REQUIRED ACTION:
The listing below must be repeated word for word, without its pictures.

SUPPLIED INFORMATION:
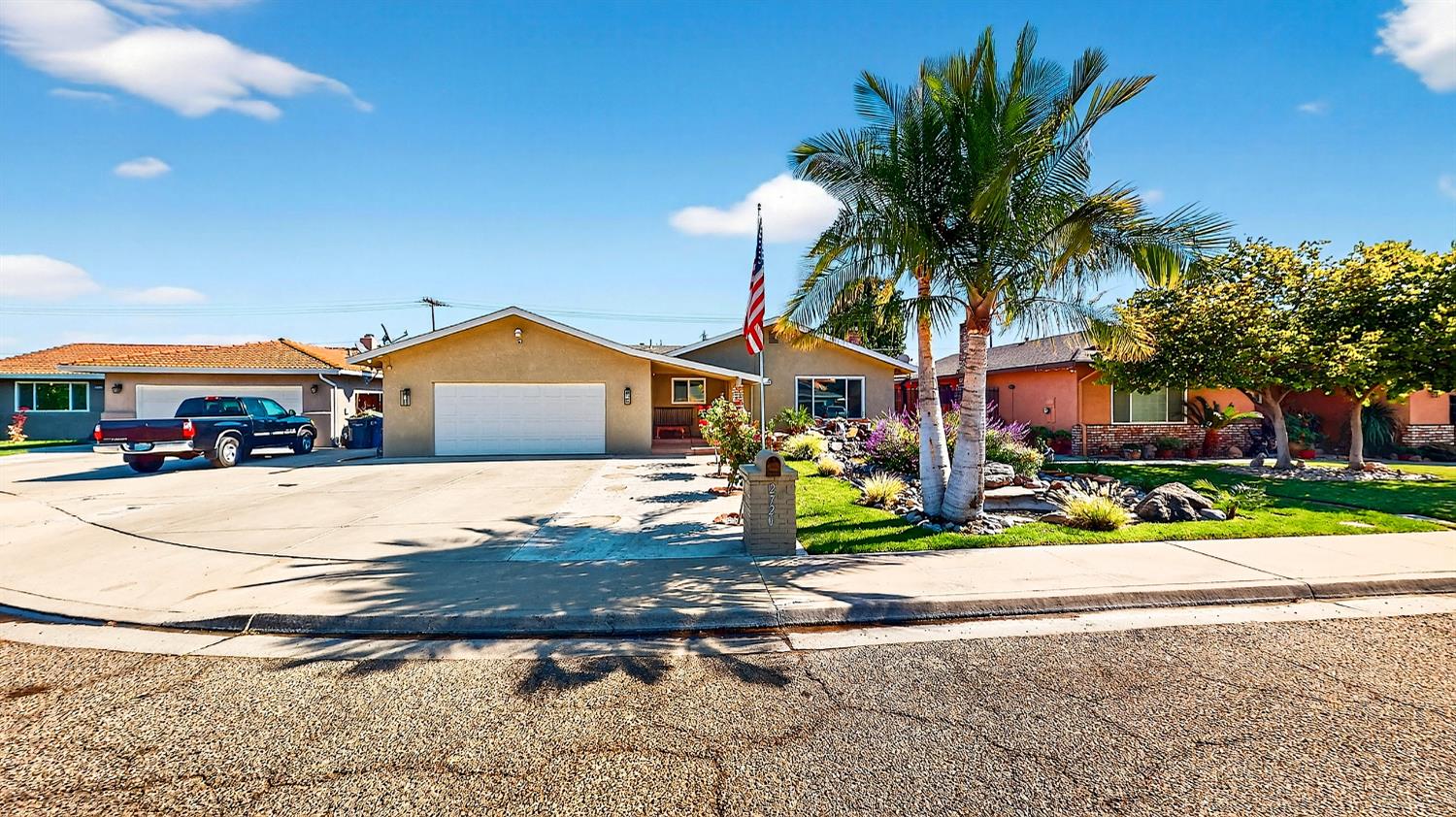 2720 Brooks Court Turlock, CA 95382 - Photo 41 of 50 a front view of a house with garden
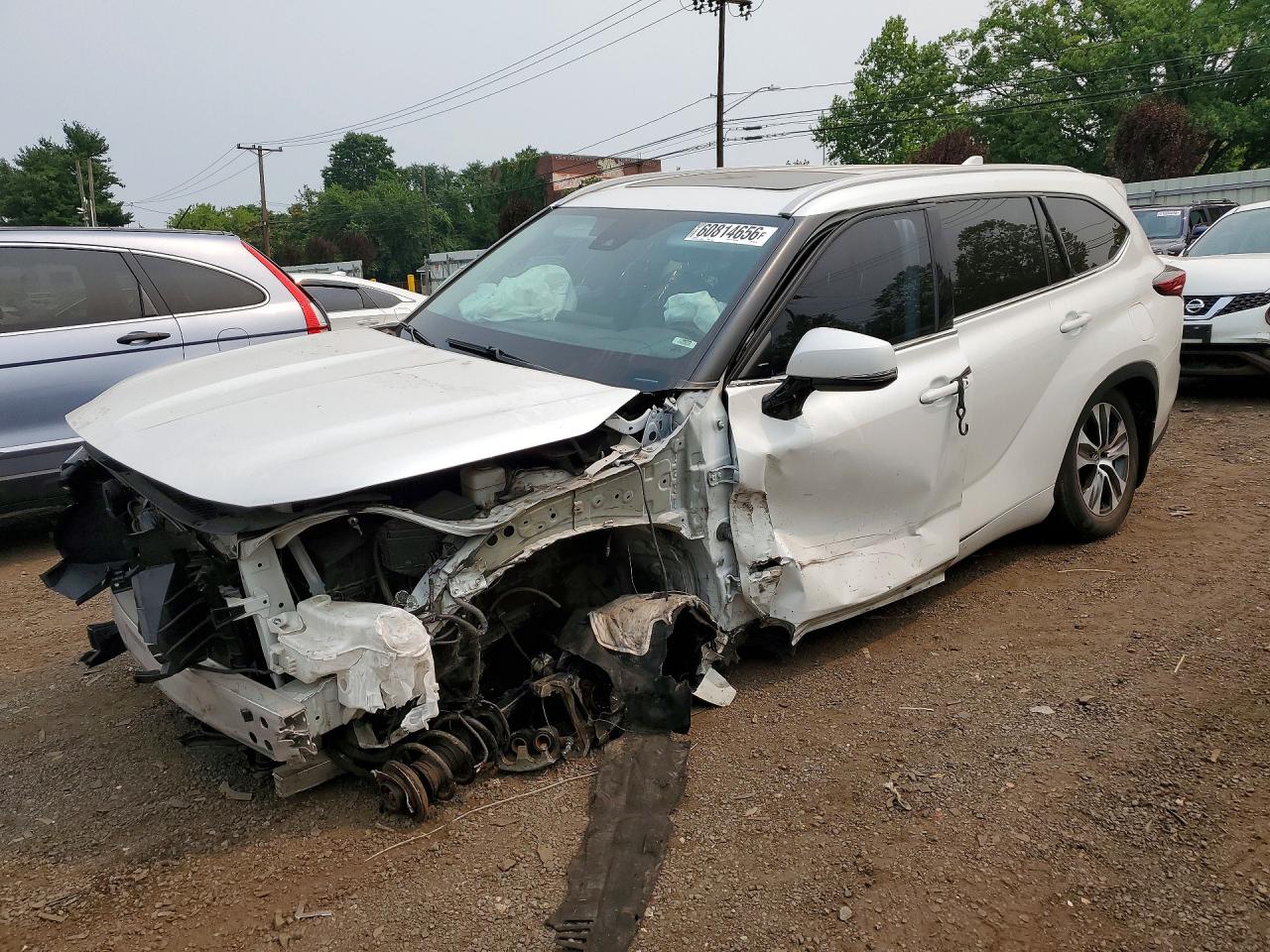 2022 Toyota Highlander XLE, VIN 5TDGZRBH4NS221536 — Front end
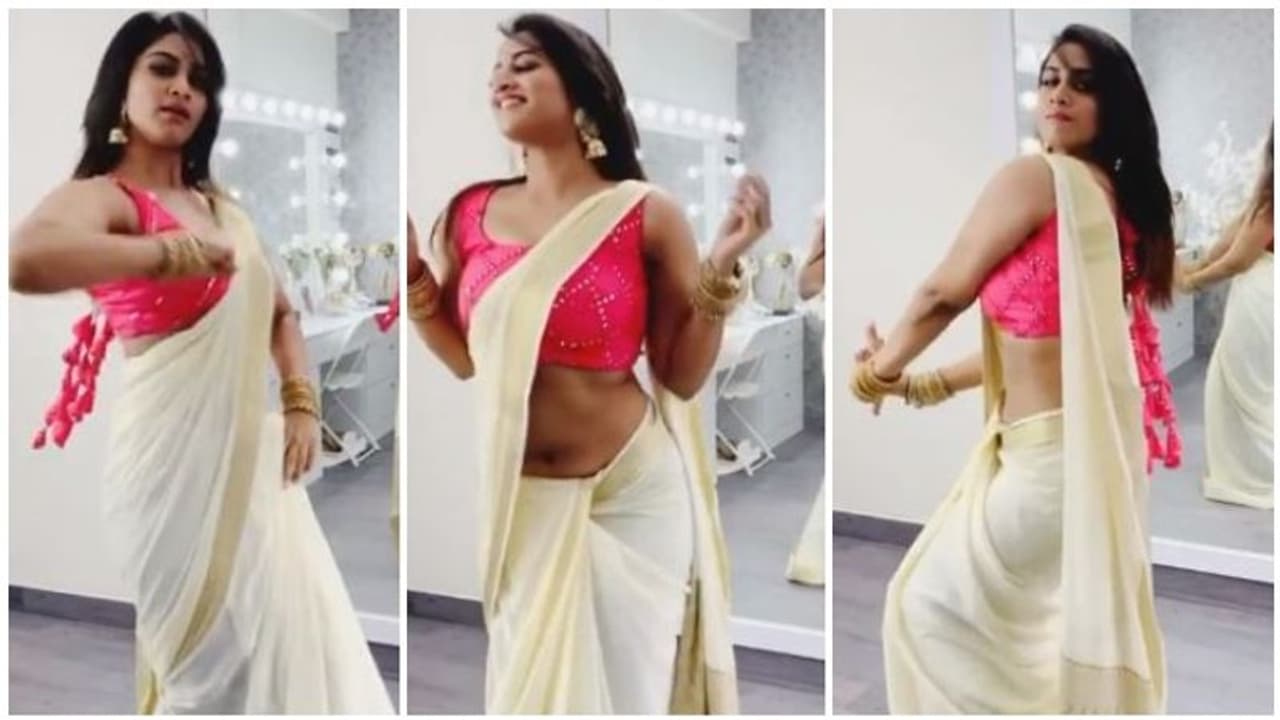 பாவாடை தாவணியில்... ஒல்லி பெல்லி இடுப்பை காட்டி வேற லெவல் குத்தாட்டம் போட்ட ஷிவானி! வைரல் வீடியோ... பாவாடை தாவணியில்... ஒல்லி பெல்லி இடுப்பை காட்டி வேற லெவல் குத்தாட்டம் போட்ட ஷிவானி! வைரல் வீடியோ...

RESULT OF THIS TASK:
 2720 Brooks Court Turlock, CA 95382 - Photo 41 of 50 a front view of a house with garden
 2022 Toyota Highlander XLE, VIN 5TDGZRBH4NS221536 — Front end
 பாவாடை தாவணியில்... ஒல்லி பெல்லி இடுப்பை காட்டி வேற லெவல் குத்தாட்டம் போட்ட ஷிவானி! வைரல் வீடியோ... பாவாடை தாவணியில்... ஒல்லி பெல்லி இடுப்பை காட்டி வேற லெவல் குத்தாட்டம் போட்ட ஷிவானி! வைரல் வீடியோ...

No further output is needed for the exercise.